All lines from the one that contains "CO JE TO S KLIMATEM?" through the close of the entries below are to be repeated exactly, without any pictures.
Supplied records Block Start
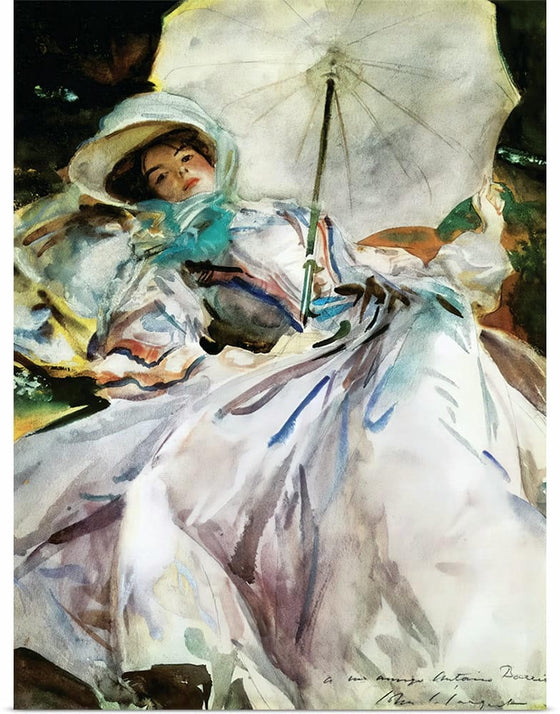 "Lady with a Parasol(1900)", John Singer Sargent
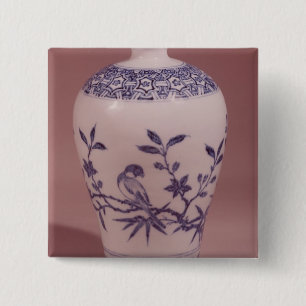 Blossom vase, Ming dynasty 15 Cm Square Badge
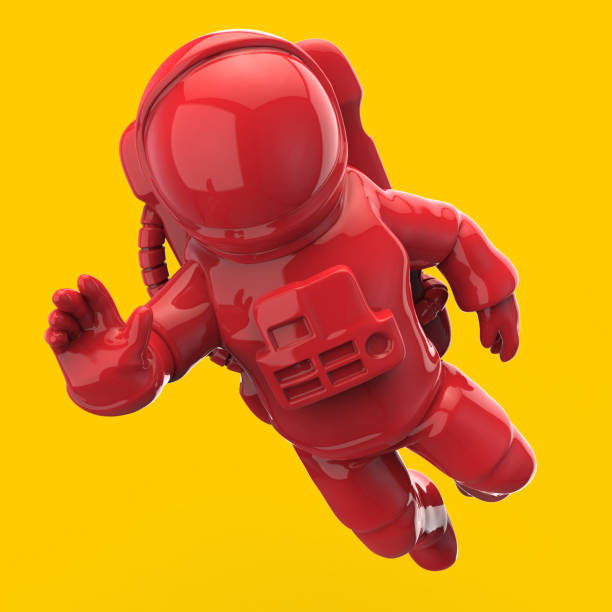 Astronaut in space - 3D Illustration stock photo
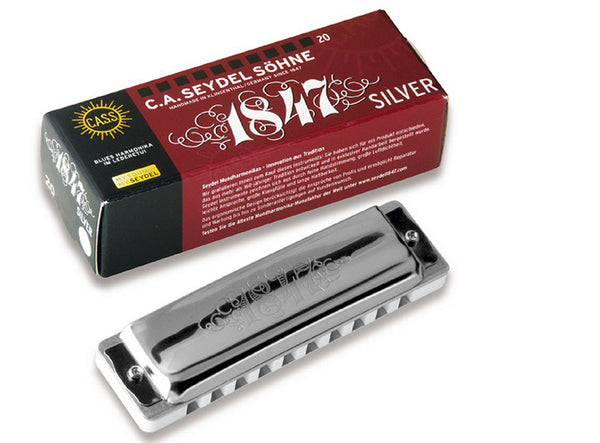 Seydel 1847 Silver Blues Harmonica - Various Keys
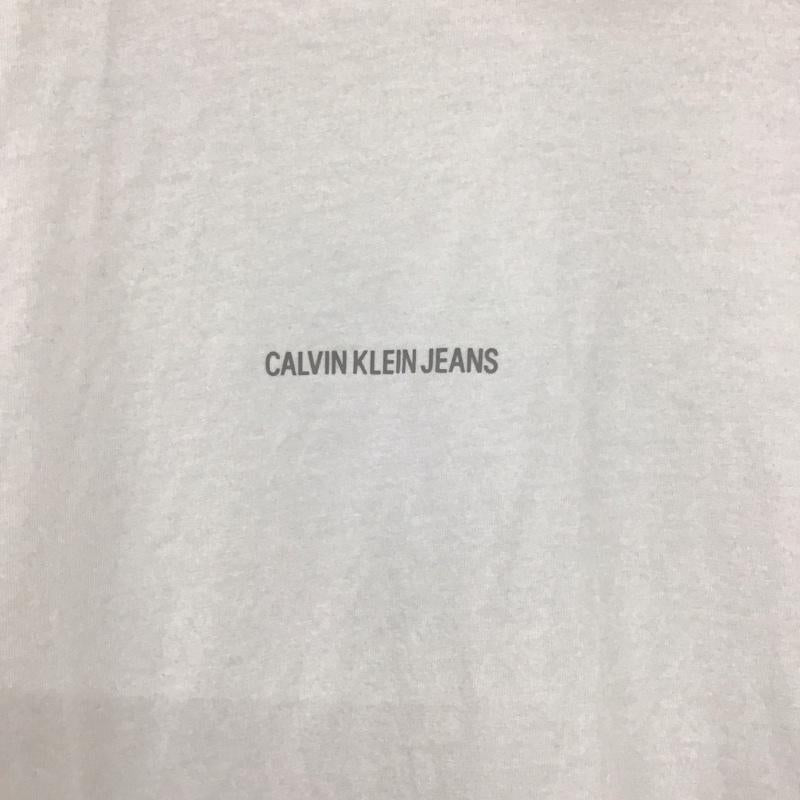 カルヴァン クライン ジーンズ Calvin Klein Jeans カットソー 長袖 長袖カットソー プリントカットソー M ロゴ、文字 白 / ホワイト /  メンズ USED 古着 中古 10139875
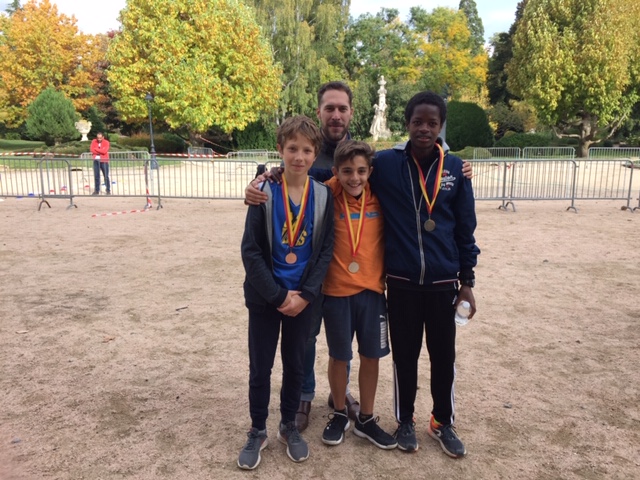 8 vainqueurs garçons 5è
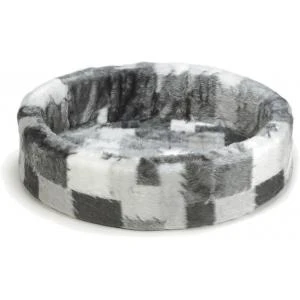 Beeztees Teddy Hondenmand Patch Grijs 60 Cm 1 Beeztees Teddy Hondenmand Patch Grijs 60 Cm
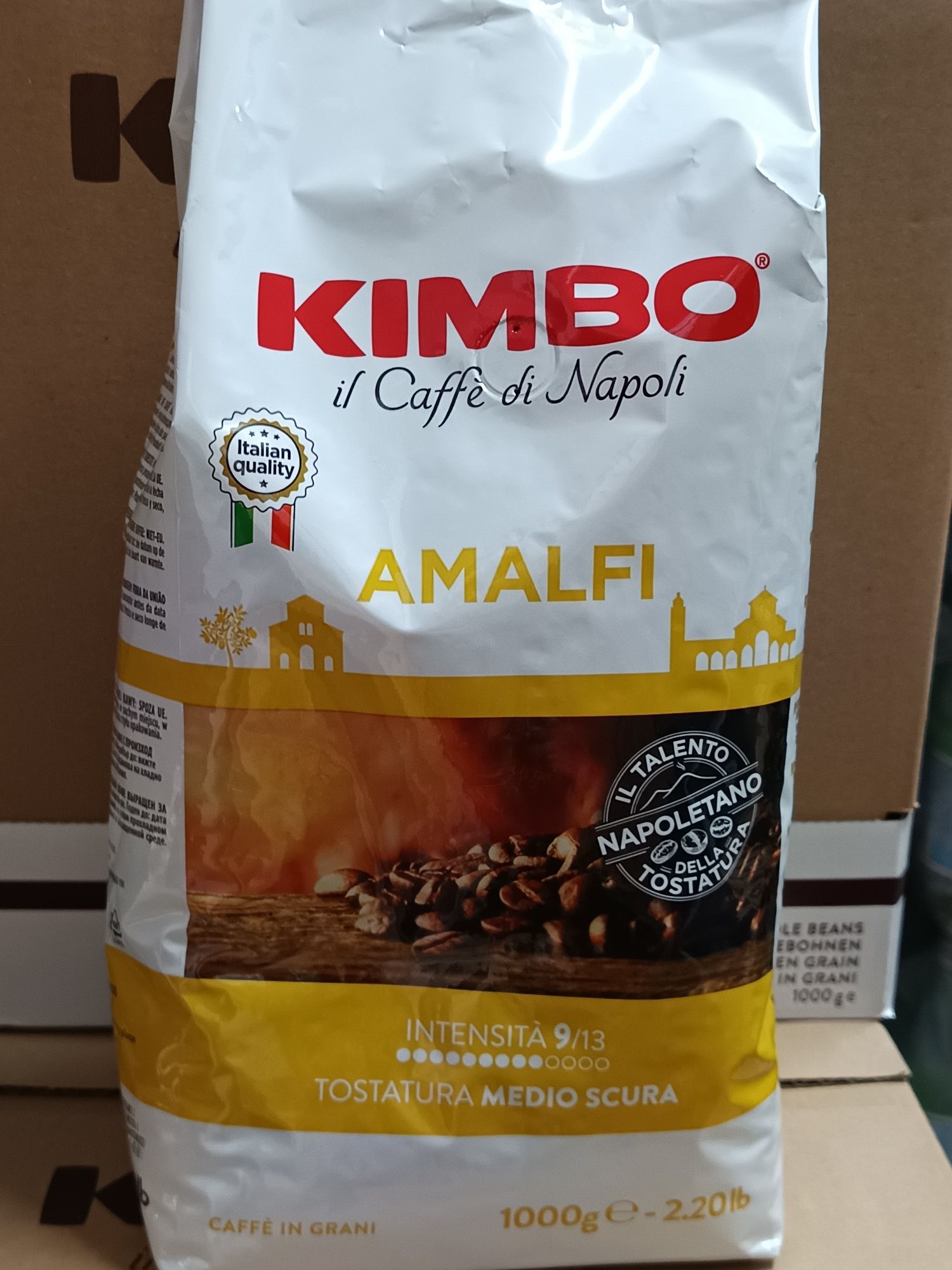 Кафе на зърна Кимбо Kimbo 1кг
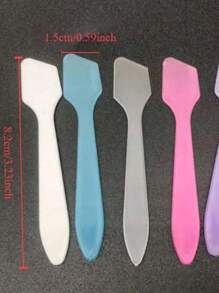 Set de 10 espátulas de plástico para maquillaje - inodoro, de polipropileno duradero, adecuado para aplicación de mascarillas y crema de ojos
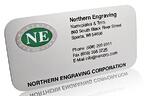 aluminum business card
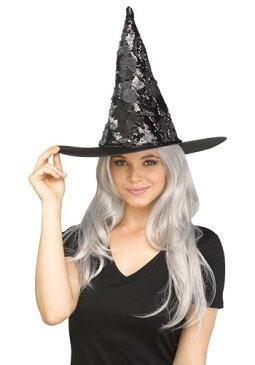 Flip Sequin Witch 帽子 ハット Silver ハロウィン コスプレ 衣装 仮装 小道具 おもしろい イベント パーティ ハロウィーン 学芸会 学園祭 学芸会 ショー お遊戯会 二次会 忘年会 新年会 歓迎会 送迎会 出し物 余興 誕生日 発表会 バレンタイン ホワイトデー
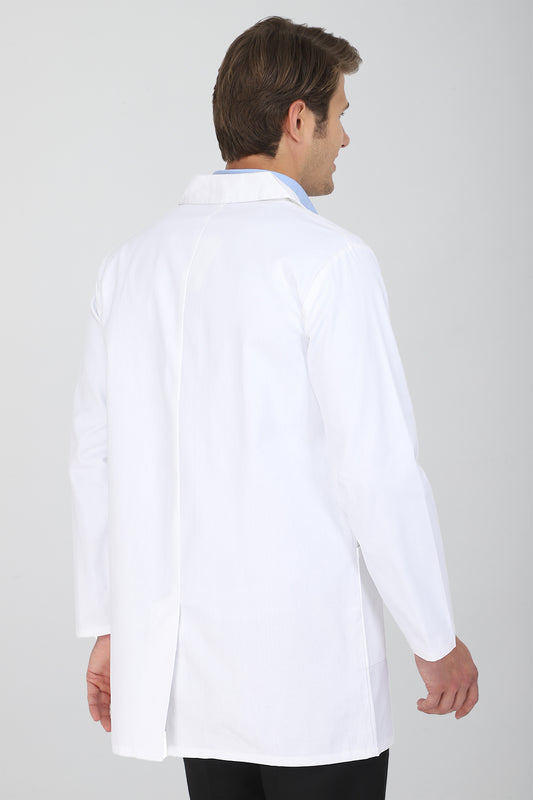 Men's Lab Coat Apron (Button Closure) Full Sleeve - Length 34"
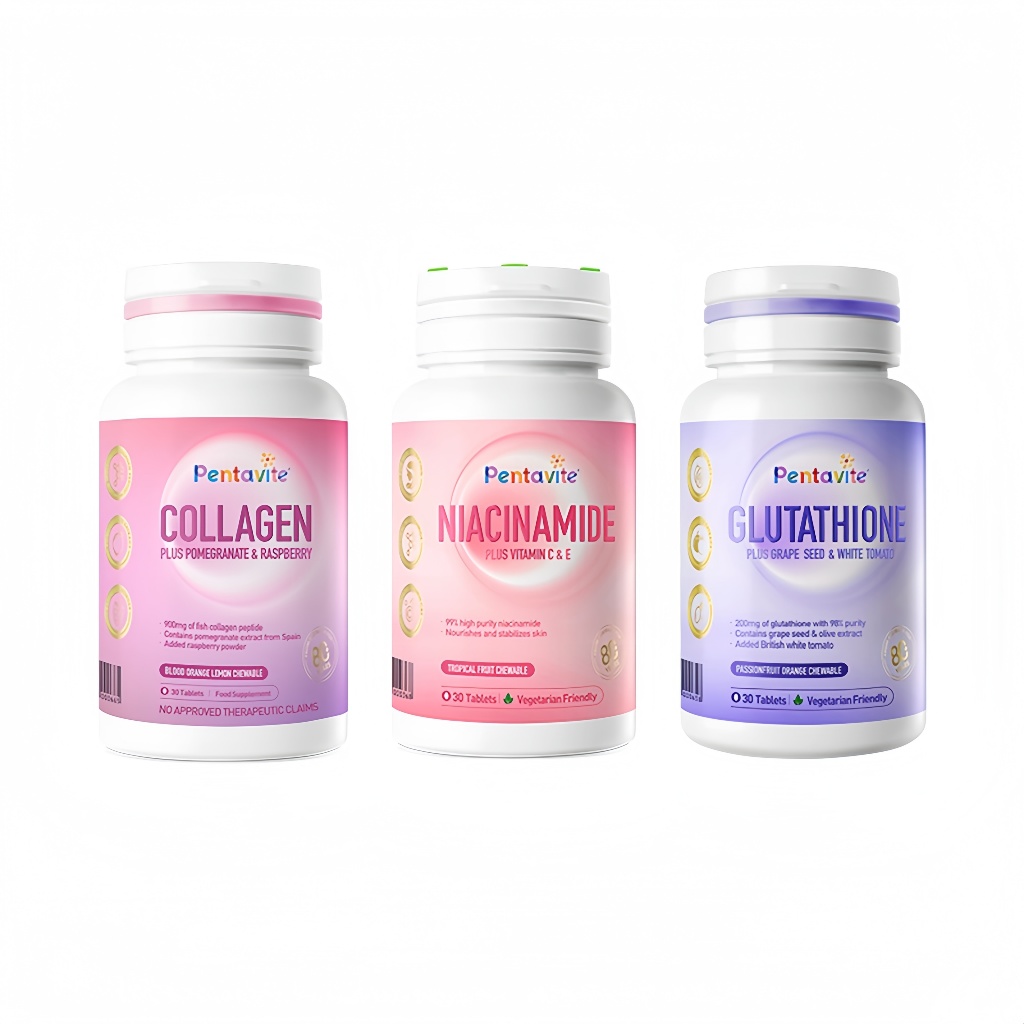 glutathione pentavite Makes Its Debut In Malaysia With Trio of Beauty Vitamins @pentavite_philippines #glow #skincare #glutathione #chewable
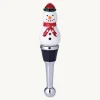 Flaschenverschluss Schneemann Edzard Muranoglas-Art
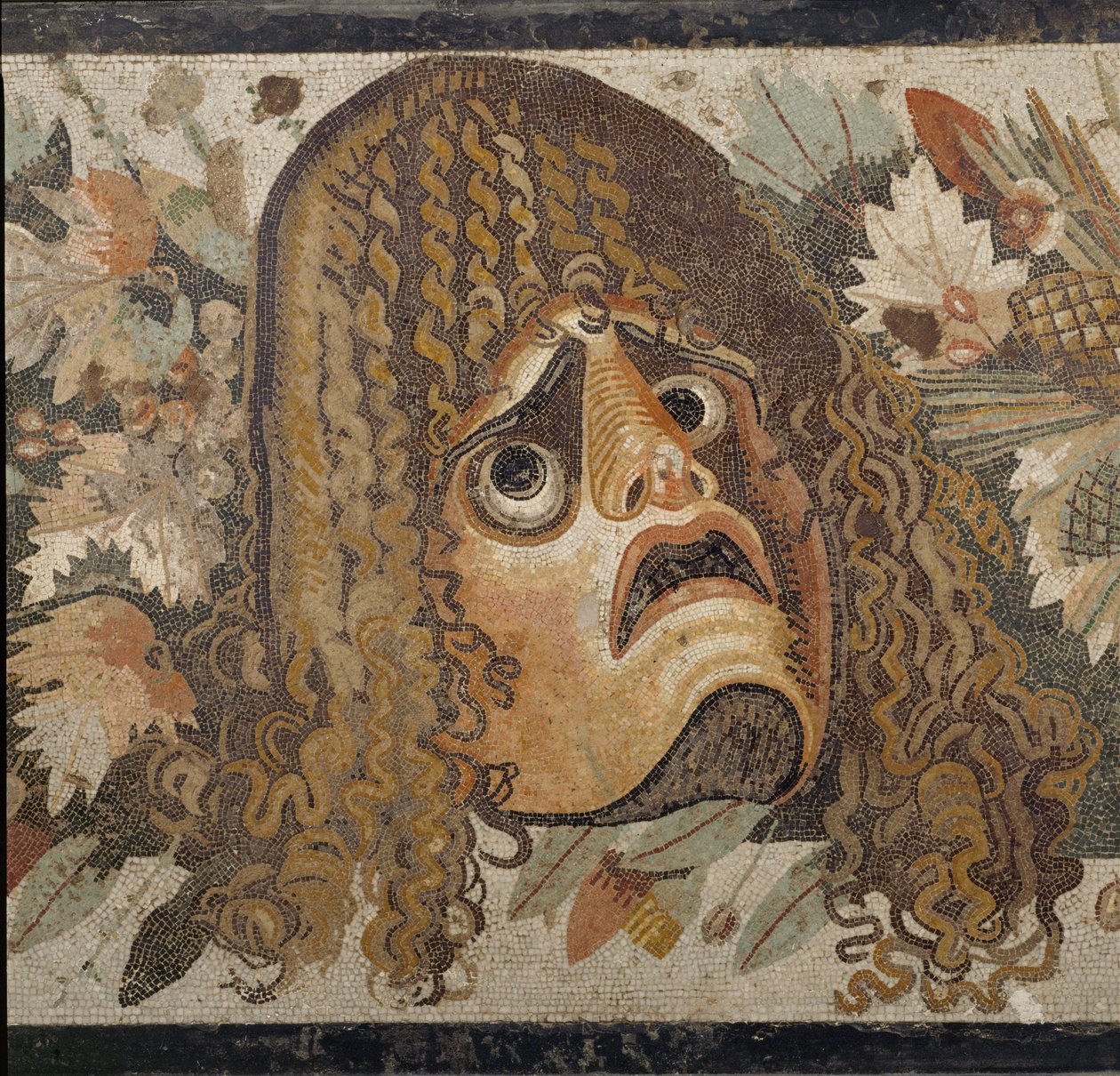 Feston de masques, de feuilles et de fruits - Erich Lessing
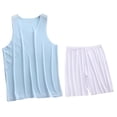 thumbnail image 1 of Conjunto de Camiseta de los Hombres, Moda Casual Color Sólido Cuello en V Alta Elasticidad Deportes para el Desgaste Al Aire Libre, la Humedad Wicking Atuendo Atlético, 1 of 3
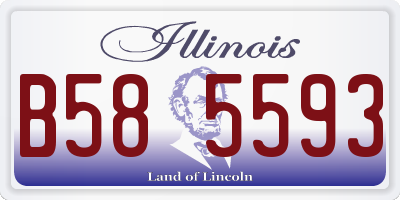 IL license plate B585593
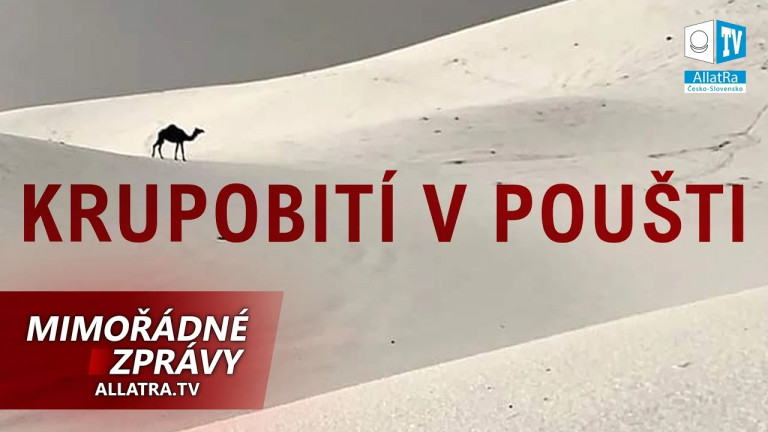CO JE TO S KLIMATEM? Nelítostný tajfun Surige. Krupobití v Saúdské Arábii. Vzácné klimatické jevy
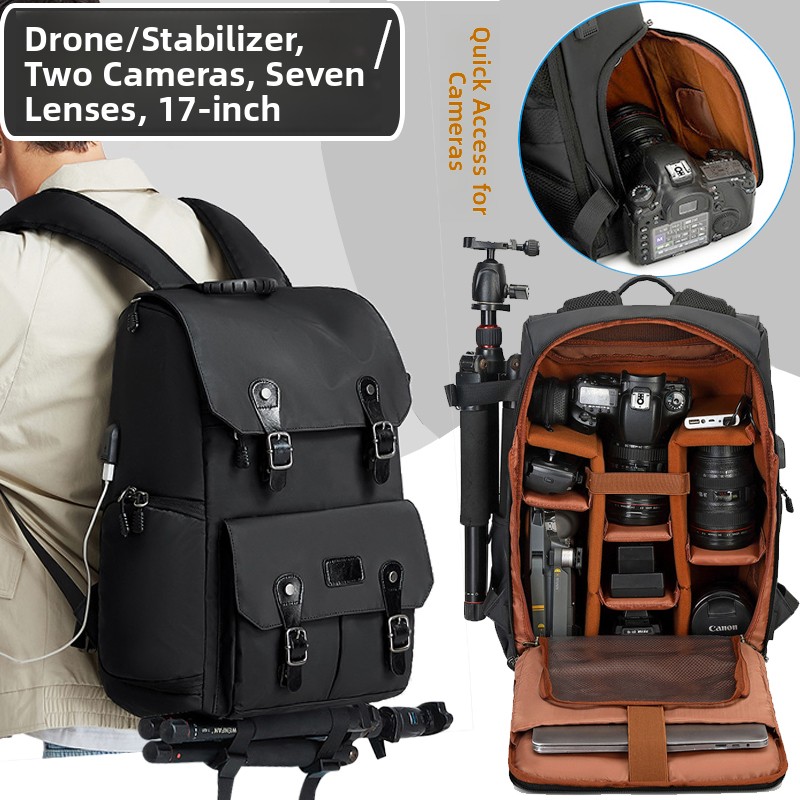 Drone Camera Professional - Zaino Professionale per Fotocamera DSLR, Grande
Supplied records Block End
# Exercise response
CO JE TO S KLIMATEM? Nelítostný tajfun Surige. Krupobití v Saúdské Arábii. Vzácné klimatické jevy
 Drone Camera Professional - Zaino Professionale per Fotocamera DSLR, Grande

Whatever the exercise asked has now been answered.